El punto es que no hay mayores soluciones a la vista. La agricultura sin agroquímicos, orgánica, es tan noble y respetada como cualquier otra actividad de campo destinada a generar alimentos. Recurre a herramientas lícitas y apunta a un nicho de consumidores de buen poder adquisitivo. A ciencia cierta todos seriamos amantes de aquellos sistemas que no usan insumos de sintesis química, pero el problema es que con ellos no es posible alimentar a la humanidad; sus propios cultores saben que los rendimientos promedian el 50-60% de lo que obtiene la agricultura en siembra directa.
Así, esta modalidad de cultivo tiene límites. Francia y Macron se han dado cuenta y van haciendo algo más lento de lo previsto el viaje hacia una agricultura con la mínima expresión en el uso de agroquímicos. El ejemplo fallido más conocido es el de Sri Lanka en 2019. Gotabaya Rajapaksa, el presidente electo en aquel año, prometió una transición del país a la agricultura orgánica en no más de una década.
Inmediatamente arrancó con una prohibición a la importación y al uso de fertilizantes sintéticos y también de pesticidas no naturales, con lo cual obligó a los más de dos millones de agricultores del país a practicar la agricultura orgánica.
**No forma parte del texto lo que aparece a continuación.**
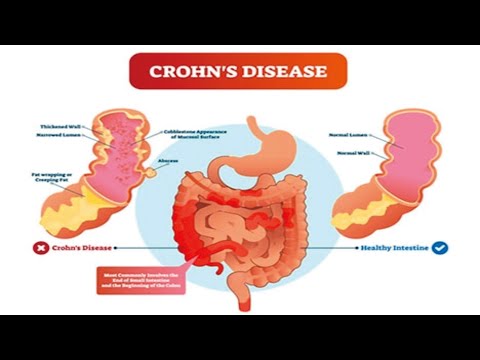 Video: Striktur Usus Pada Crohn's: Gejala, Pengobatan, Dan Banyak Lagi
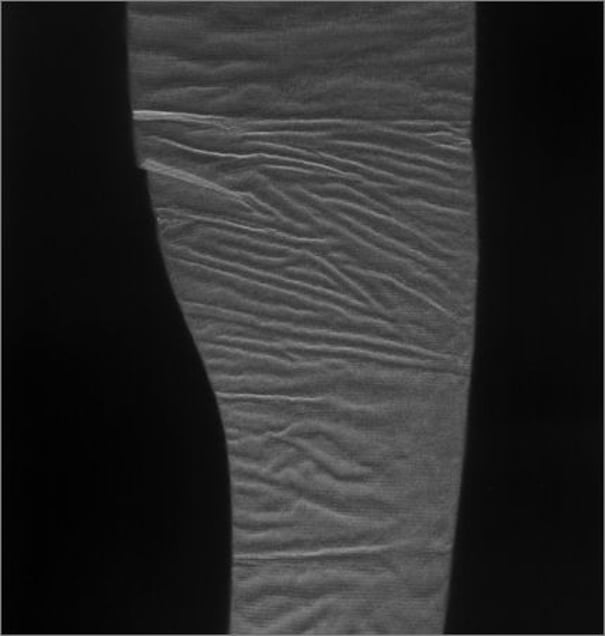 Second Skin. © Elaine Duigenan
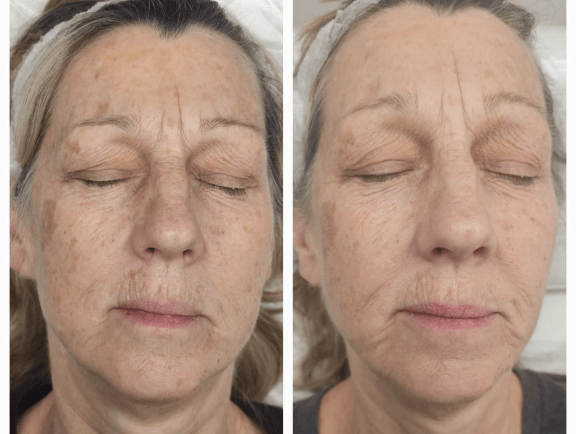 Before and after just 2 session of treatment at Ariana Esthetic Edmonton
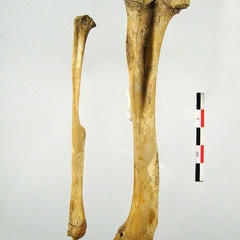 Femur Tibia Fibula lateral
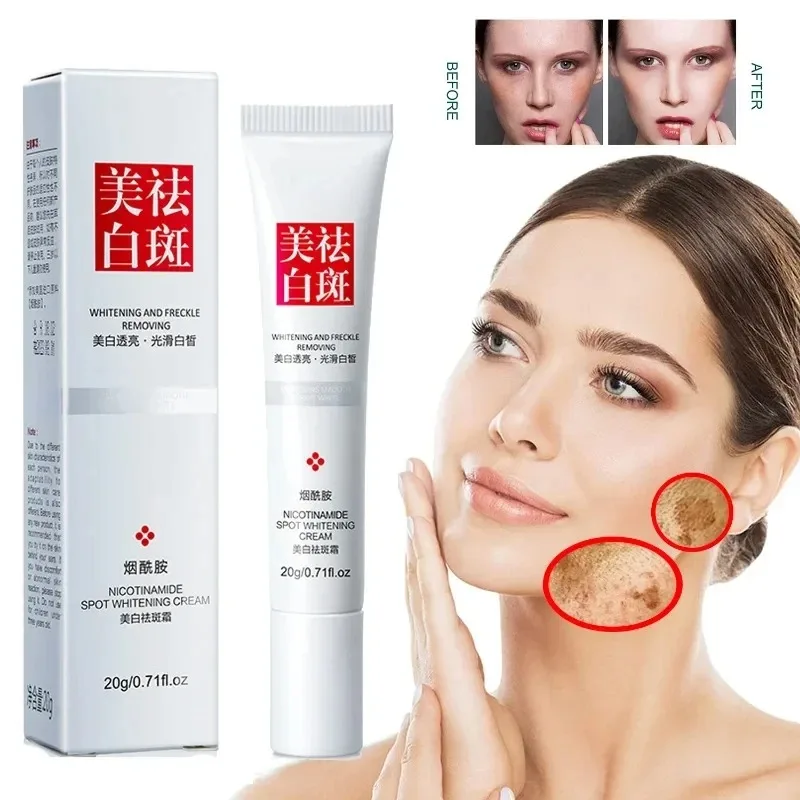 Charcoal Whitening Paste - Sbiadisce le lentiggini Macchie scure Crema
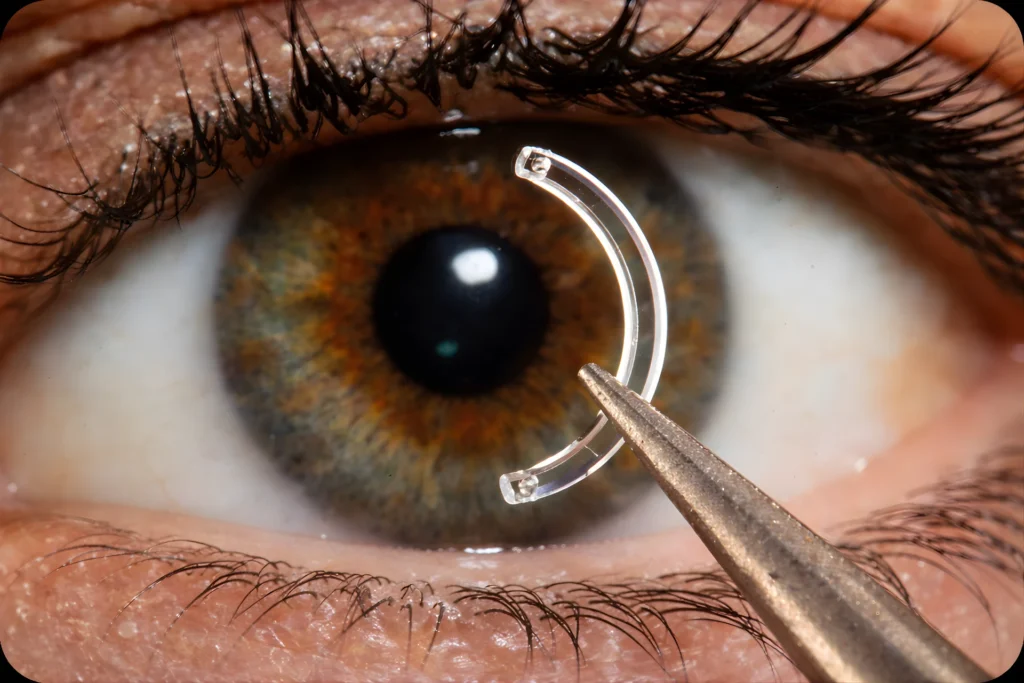 leczenie stożka rogówki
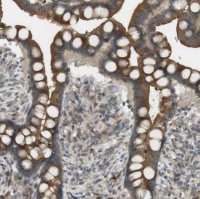 Anti-CLRN3 antibody produced in rabbit HPA014482-100UL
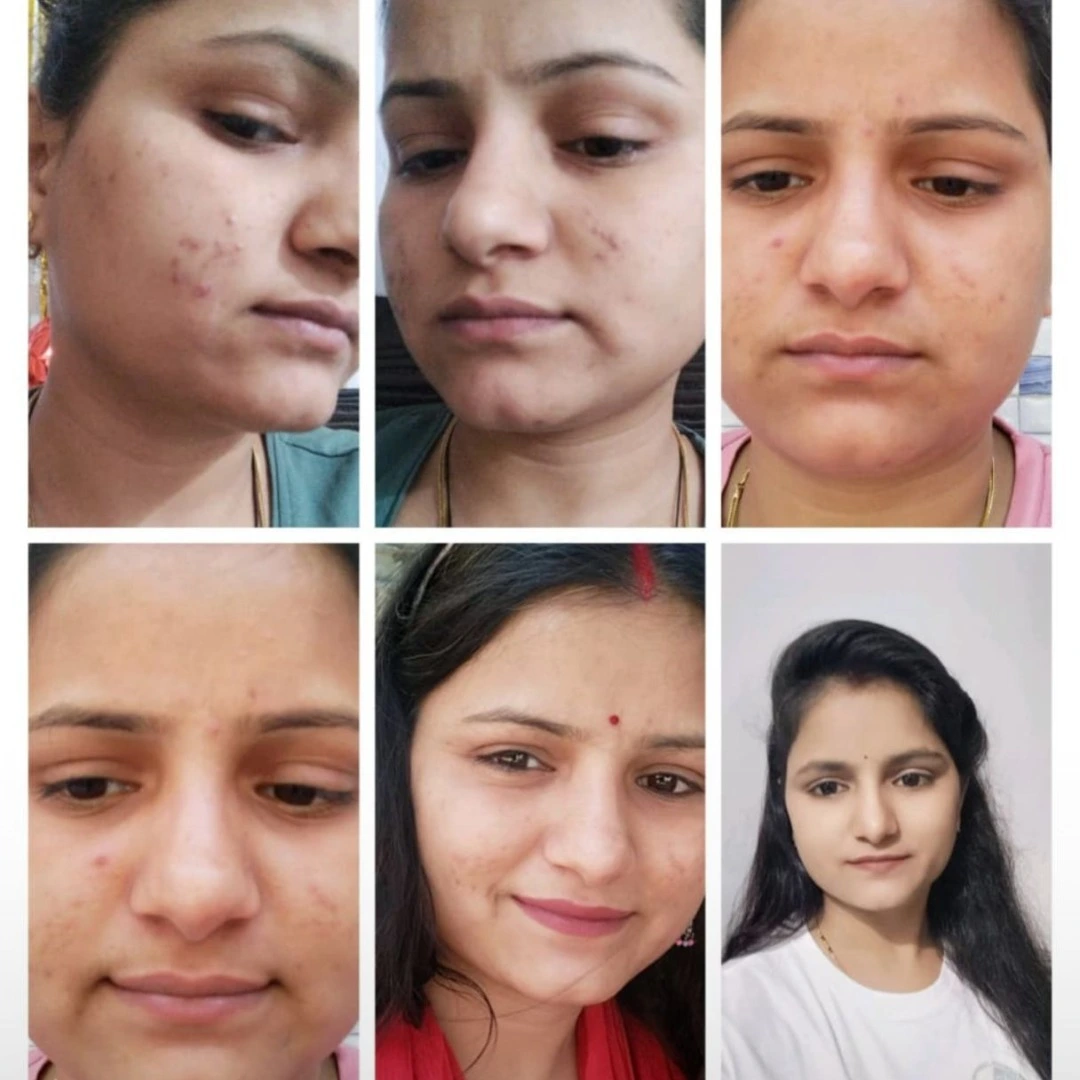 Face Yoga Reviews
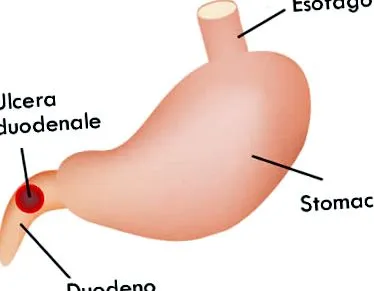 duodenitis
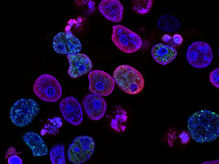 Immunotherapy - a Game Changer in Treating Cancer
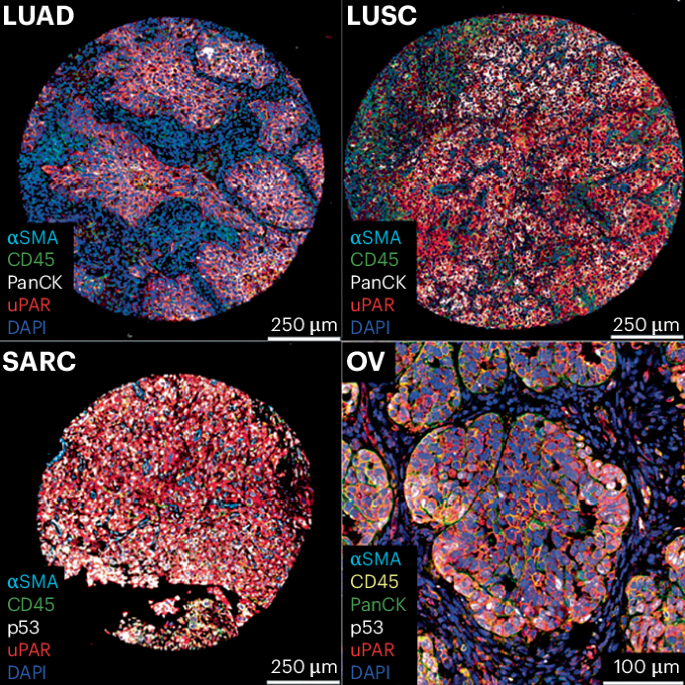 Targeting fibrosis for cancer therapy Targeting fibrosis for cancer therapy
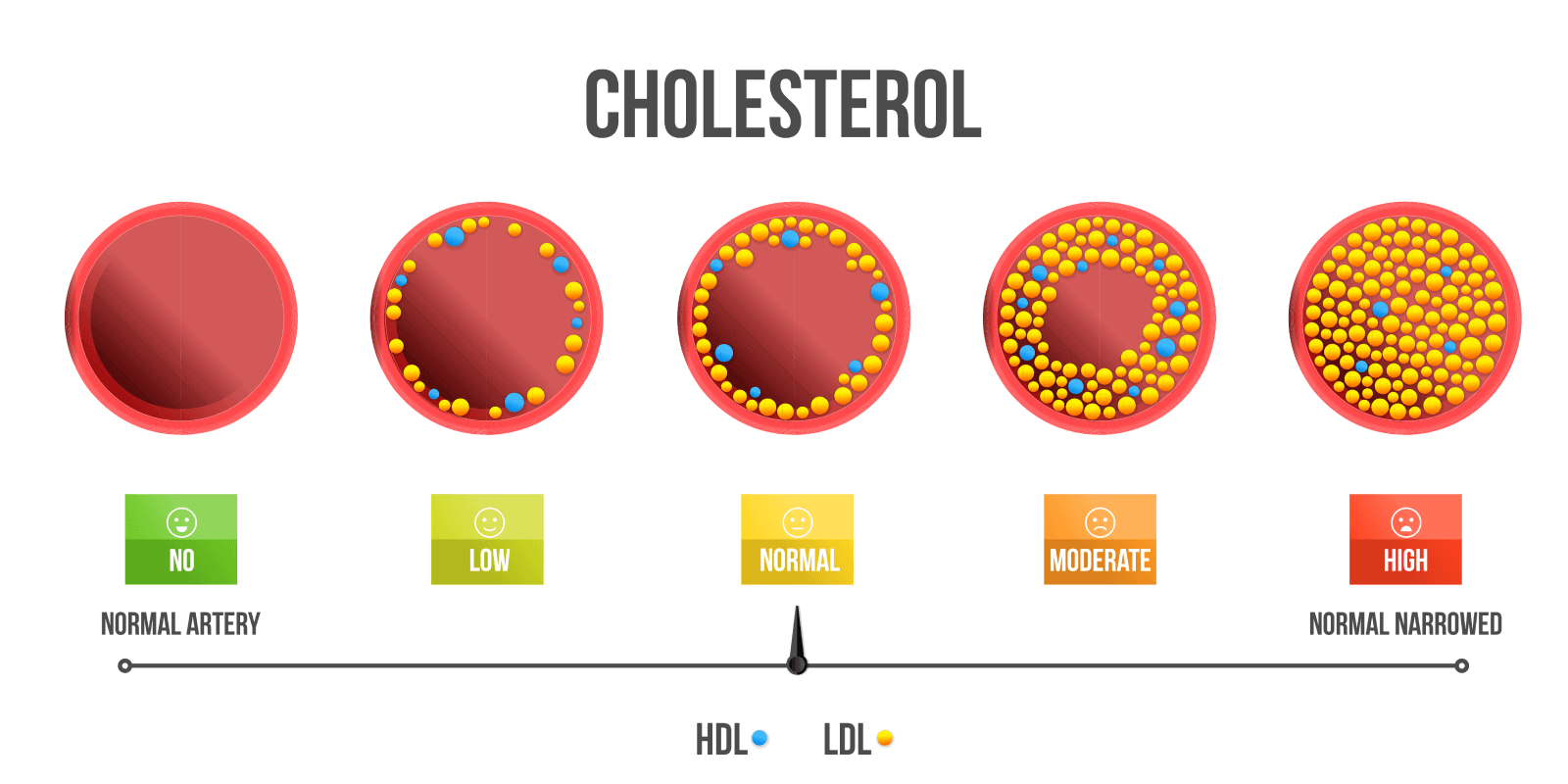 High_Cholesterol_e1bdccbdc9.png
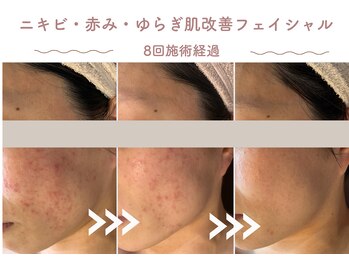 エステティックサロン シーズ/繰り返す肌荒れ改善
A partir de la visión de los ambientalistas que rodeaban al mandatario, la idea fue liderar una movida a nivel global.
Pronto se dieron cuenta de que estaban obteniendo no mucho más de la mitad de la producción habitual. Están frescas las imágenes del presidente huyendo del país mientras los manifestantes tomaban su residencia en medio de una crisis económica sin precedentes. Una parte de ella se atribuye a la escasez de alimentos generada por la propuesta del mandatario. El dejar de usa fertilizantes convencionales fue visto como el mayor daño a los volúmenes que el país generaba.
Los activistas verdes afirman que podemos alimentar al mundo con cultivos orgánicos. No hay elementos para creer que pueden escalar y generar tal resultado, incluso hay discusiones sobre la capacidad para llegar a un buen balance de carbono, ya que necesita más labores.
Prescindir de los productos químicos obligaría a recurrir a una superficie cultivada un 40 por ciento mayor para obtener los mismos alimentos. No está claro de dónde podría salir un área semejante. Y de lograrlo podría afectarse la superficie con bosques, las zonas de conservación, la biodiversidad misma. A la luz del cambio climático, ampliar la cantidad de tierra cultivable no es una solución viable, menos que menos de manera convencional.
Ahora hay toda una saludable movida en torno de los bioinsumos elaborados a partir de organismos benéficos tales como bacterias, hongos, virus, e insectos, o bien a extractos naturales obtenidos de plantas. No suena posible que vayan a reemplazar totalmente a los agroquímicos pero van a permitir reducir su uso. La tendencia parece firme. En buena hora.